Saycon signs the letter with his preposterous title of “Secretary General” of the Council on Philippine Affairs. Just how extensive, pray tell, is this Copa, that it needs, like the United Nations or the Association of Southeast Asian Nations, a secretary-general? Considering the size of Copa, it’s rather like calling the driver of a Volkswagen Beetle a chauffeur.

* * *

On to the errors.

First, Pastor “Boy” Saycon accuses me of using biased sources in my last column. In it, I had applied a test that Conrad de Quiros had suggested, essentially measuring loyalty to the next president, and found Saycon failing it. Who was my source? Why, no other than Saycon himself!

I merely quoted from the ABS-CBN report where an expansive Saycon gave the following post-election explanation: “The Cojuangcos have carried Noy-Mar, and it shows in the results of how Tarlac voted for Noy-Mar, and he [Mar Roxas] has an almost 200,000 difference over Binay’s votes in Tarlac alone, even in other areas, in Davao del Norte. And I’ve heard how Congressman Cojuangco [referring to the most controversial of Copa members, former Rep. Peping Cojuangco) has been pushing for Noy-Mar in Davao del Norte.”

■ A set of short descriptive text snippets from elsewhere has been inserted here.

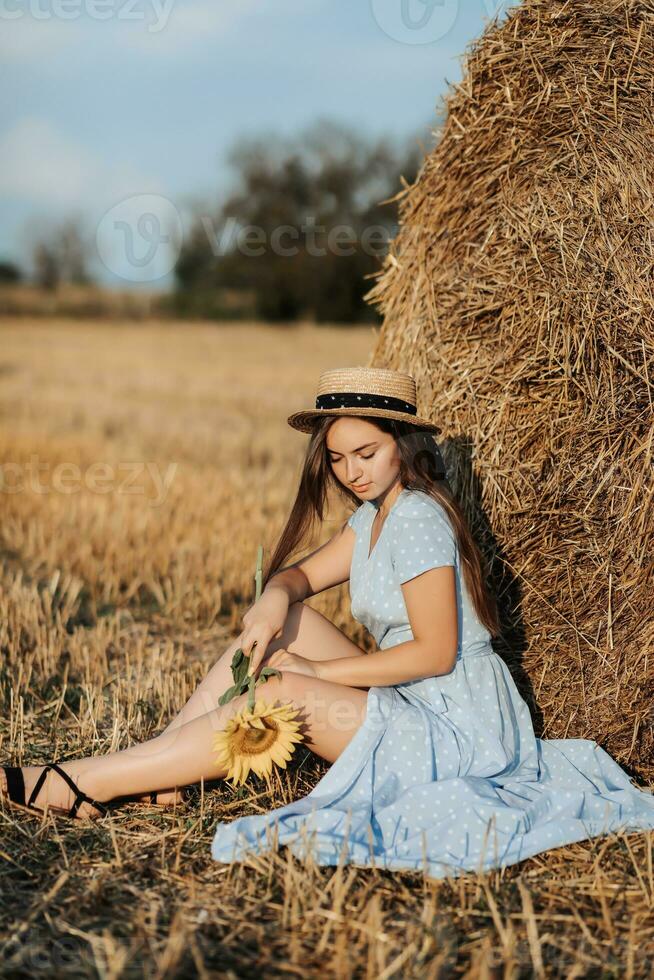 Porträt von ein jung Mädchen. ein Mädchen im ein Blau Kleid und Hut, halten ein Strauß von Sonnenblumen, gegen ein Hintergrund von Heu Ballen. lange Gerade Haar. nett Farbe. Sommer- foto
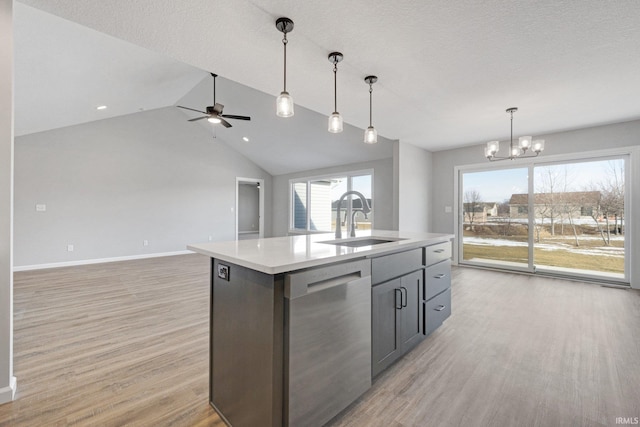 602 Zion Hill Rd, Ligonier, IN 46767 - kitchen featuring light wood finished floors, a sink, stainless steel dishwasher, and open floor plan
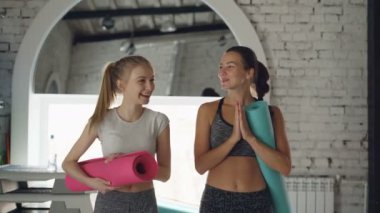 Yoga eğitmeni genç sarışın öğrenci ile birlikte çalışmadan sonra studio yürürken sohbet. Öğretmen-öğrenci kayıt dışı iletişim kavramı.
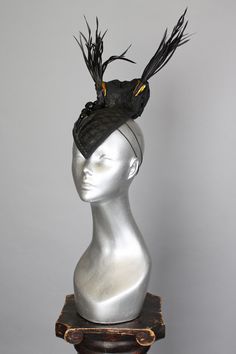 This is a one of a kind piece of wearable art made for the Five and Diamond Seventh Annual Headgear Art Show and shown on August 2, 2019. The 'venado' cocktail hat is a one-of-a-kind headpiece which will effortlessly carry you through your adventures in time and space. The arapaima fish leather has been hand-moulded with steam and water on a wooden hat form, and then hand-stitched. Designed by Jasmin Zorlu Millinery One of a kind Unisex MATERIALS USEDArapaima vegetable tanned fish leather from B Luxury Adjustable Hat, Handmade High Crown Top Hat For Party, Adjustable High Crown Headpieces For Evening, Handmade Mini Hat With Structured Crown For Kentucky Derby, Handmade Structured Crown Hat For Kentucky Derby, Handmade Hat Headpieces For Evening, Handmade Evening Costume Hats, Handmade Hats With Structured Crown For Kentucky Derby, Handmade Mini Hat For Kentucky Derby Evening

Analyzing this statement on its own merits, I found that it effectively diminishes Noynoy Aquino, because it attributes Roxas’ margin over Binay in the Tarlac vote to “the Cojuangcos.” What, after all, does “it shows in the results of how Tarlac voted for Noy-Mar” mean, but that the Cojuangcos had effectively carried Tarlac for Roxas?

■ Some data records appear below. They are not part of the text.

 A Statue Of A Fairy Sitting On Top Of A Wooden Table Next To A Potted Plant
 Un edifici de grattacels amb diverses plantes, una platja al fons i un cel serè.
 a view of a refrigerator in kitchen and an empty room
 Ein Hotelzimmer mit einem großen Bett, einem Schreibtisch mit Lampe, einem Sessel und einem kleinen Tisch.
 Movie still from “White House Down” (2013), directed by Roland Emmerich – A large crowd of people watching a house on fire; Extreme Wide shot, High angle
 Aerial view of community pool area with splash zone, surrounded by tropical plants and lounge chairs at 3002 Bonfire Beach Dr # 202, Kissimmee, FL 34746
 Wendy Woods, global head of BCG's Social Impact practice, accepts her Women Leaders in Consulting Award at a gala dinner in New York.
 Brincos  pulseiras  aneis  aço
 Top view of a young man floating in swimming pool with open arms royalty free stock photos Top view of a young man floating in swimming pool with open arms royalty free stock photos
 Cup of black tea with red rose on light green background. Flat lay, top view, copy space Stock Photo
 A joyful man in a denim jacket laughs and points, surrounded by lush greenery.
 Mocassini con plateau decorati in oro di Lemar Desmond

Secondly, Saycon ineptly tries to undo the damage from his interview by “setting the record straight” on the different branches of the Cojuangcos. But I understood “the Cojuangcos” to mean exactly what Saycon meant by it, namely Peping Cojuangco and the scope of his influence. That was the subject he was actually discussing in the ABS-CBN interview. Note, for instance, the reference to the ex-congressman in the immediately succeeding sentence.

Third, Saycon says I read his interview unjustly, “as presenting a diminished view of Noynoy Aquino.” But my interpretation—and it is of course an interpretation—is not only rooted in Saycon’s own words; it also accepts his words at face value. (Does this political operator who acts as though he has cornered the market on truth suggest I do otherwise?)

How does Saycon’s reading of the Tarlac vote diminish Aquino? It makes Aquino’s scope of influence in his own home province, which he had served for nine years as congressman and three years as senator, irrelevant.

* * *

Everything else Saycon raises in his letter is misdirection, or beside the point. The sourcing I was referring to in my last column involved the stitching-together of the Aquino campaign narrative, which is still a work in progress. (And again, I want to emphasize, it involves many sources, even from Saycon’s side of the fence.) It had nothing to do with analyzing excerpts from his flush-with-victory TV interview.

But that he raised it at all, as a stick to beat me with, is characteristic of Saycon’s conduct.

A letter from a perceptive reader, with a talent for summary several levels above mine, says it all: These post-election effluvia “betrayed triumphalism of the worst kind—the one aimed at an erstwhile ally.”

Sabi nga: Para tama ang kuwento, ikuwento mo ang tama.

* * *

It was a treat to hear the eminent Benedict Anderson lecture last Friday on the (diminishing) role of public intellectuals. Like an expert provocateur, he lobbed one Molotov cocktail of an incendiary idea after another. There will be time to take stock of what he said (and didn’t or failed to say). For now, just a short note to express my amazement, that Leong Hall in Ateneo de Manila’s newest building did not go up in smoke.